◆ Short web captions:

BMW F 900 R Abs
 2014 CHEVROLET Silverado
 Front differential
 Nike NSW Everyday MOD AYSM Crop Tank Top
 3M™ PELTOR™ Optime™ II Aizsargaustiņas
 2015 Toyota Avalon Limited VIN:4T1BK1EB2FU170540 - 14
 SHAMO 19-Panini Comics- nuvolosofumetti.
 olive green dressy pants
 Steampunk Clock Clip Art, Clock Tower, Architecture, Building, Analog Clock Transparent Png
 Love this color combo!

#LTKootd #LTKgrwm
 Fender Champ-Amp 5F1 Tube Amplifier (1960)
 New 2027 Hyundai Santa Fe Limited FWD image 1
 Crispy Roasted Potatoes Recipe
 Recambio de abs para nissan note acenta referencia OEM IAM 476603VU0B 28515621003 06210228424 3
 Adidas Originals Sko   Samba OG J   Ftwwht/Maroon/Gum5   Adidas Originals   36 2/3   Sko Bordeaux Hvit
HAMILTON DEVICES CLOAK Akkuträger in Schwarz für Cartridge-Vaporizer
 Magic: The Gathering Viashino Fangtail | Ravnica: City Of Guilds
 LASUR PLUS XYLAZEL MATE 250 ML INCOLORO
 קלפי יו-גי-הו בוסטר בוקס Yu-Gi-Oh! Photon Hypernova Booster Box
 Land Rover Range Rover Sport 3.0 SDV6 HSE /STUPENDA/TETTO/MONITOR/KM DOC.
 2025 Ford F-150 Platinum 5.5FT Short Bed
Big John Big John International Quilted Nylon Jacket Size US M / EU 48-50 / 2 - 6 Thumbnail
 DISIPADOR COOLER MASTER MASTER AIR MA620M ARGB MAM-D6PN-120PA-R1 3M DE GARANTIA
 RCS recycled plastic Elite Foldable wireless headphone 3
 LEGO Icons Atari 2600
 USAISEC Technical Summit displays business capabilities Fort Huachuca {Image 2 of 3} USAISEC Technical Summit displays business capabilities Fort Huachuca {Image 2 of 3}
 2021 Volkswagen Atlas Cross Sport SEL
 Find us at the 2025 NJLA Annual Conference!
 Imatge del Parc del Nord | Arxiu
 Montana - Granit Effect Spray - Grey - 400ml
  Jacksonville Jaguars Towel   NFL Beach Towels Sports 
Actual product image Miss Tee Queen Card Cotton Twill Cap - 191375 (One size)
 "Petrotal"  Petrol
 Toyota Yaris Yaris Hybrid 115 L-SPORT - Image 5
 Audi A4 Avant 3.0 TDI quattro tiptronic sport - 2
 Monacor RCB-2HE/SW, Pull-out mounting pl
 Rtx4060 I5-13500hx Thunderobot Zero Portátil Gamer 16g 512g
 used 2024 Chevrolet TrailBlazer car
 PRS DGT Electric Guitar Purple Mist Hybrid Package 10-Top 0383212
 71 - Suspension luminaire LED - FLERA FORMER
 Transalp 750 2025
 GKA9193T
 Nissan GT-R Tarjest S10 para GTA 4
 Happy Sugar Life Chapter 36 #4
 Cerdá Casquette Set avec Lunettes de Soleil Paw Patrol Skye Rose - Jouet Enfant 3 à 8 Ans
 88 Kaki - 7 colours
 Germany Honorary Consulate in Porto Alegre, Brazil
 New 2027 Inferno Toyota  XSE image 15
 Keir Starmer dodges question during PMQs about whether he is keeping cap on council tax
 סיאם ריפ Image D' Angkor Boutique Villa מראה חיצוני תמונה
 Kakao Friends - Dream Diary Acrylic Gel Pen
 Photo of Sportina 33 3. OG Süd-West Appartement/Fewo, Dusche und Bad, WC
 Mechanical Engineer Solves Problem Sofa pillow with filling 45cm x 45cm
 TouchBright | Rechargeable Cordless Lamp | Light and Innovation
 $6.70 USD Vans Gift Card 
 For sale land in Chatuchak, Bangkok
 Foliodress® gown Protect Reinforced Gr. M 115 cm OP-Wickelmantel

◆ AIM OF THE EXERCISE:
Write out the lines of the entries, word for word, from the first through the one containing "2025 Ford F-150 Platinum 5.5FT Short Bed", and stop at that line.

◆ EXPECTED ANSWER:
BMW F 900 R Abs
 2014 CHEVROLET Silverado
 Front differential
 Nike NSW Everyday MOD AYSM Crop Tank Top
 3M™ PELTOR™ Optime™ II Aizsargaustiņas
 2015 Toyota Avalon Limited VIN:4T1BK1EB2FU170540 - 14
 SHAMO 19-Panini Comics- nuvolosofumetti.
 olive green dressy pants
 Steampunk Clock Clip Art, Clock Tower, Architecture, Building, Analog Clock Transparent Png
 Love this color combo!

#LTKootd #LTKgrwm
 Fender Champ-Amp 5F1 Tube Amplifier (1960)
 New 2027 Hyundai Santa Fe Limited FWD image 1
 Crispy Roasted Potatoes Recipe
 Recambio de abs para nissan note acenta referencia OEM IAM 476603VU0B 28515621003 06210228424 3
 Adidas Originals Sko   Samba OG J   Ftwwht/Maroon/Gum5   Adidas Originals   36 2/3   Sko Bordeaux Hvit
HAMILTON DEVICES CLOAK Akkuträger in Schwarz für Cartridge-Vaporizer
 Magic: The Gathering Viashino Fangtail | Ravnica: City Of Guilds
 LASUR PLUS XYLAZEL MATE 250 ML INCOLORO
 קלפי יו-גי-הו בוסטר בוקס Yu-Gi-Oh! Photon Hypernova Booster Box
 Land Rover Range Rover Sport 3.0 SDV6 HSE /STUPENDA/TETTO/MONITOR/KM DOC.
 2025 Ford F-150 Platinum 5.5FT Short Bed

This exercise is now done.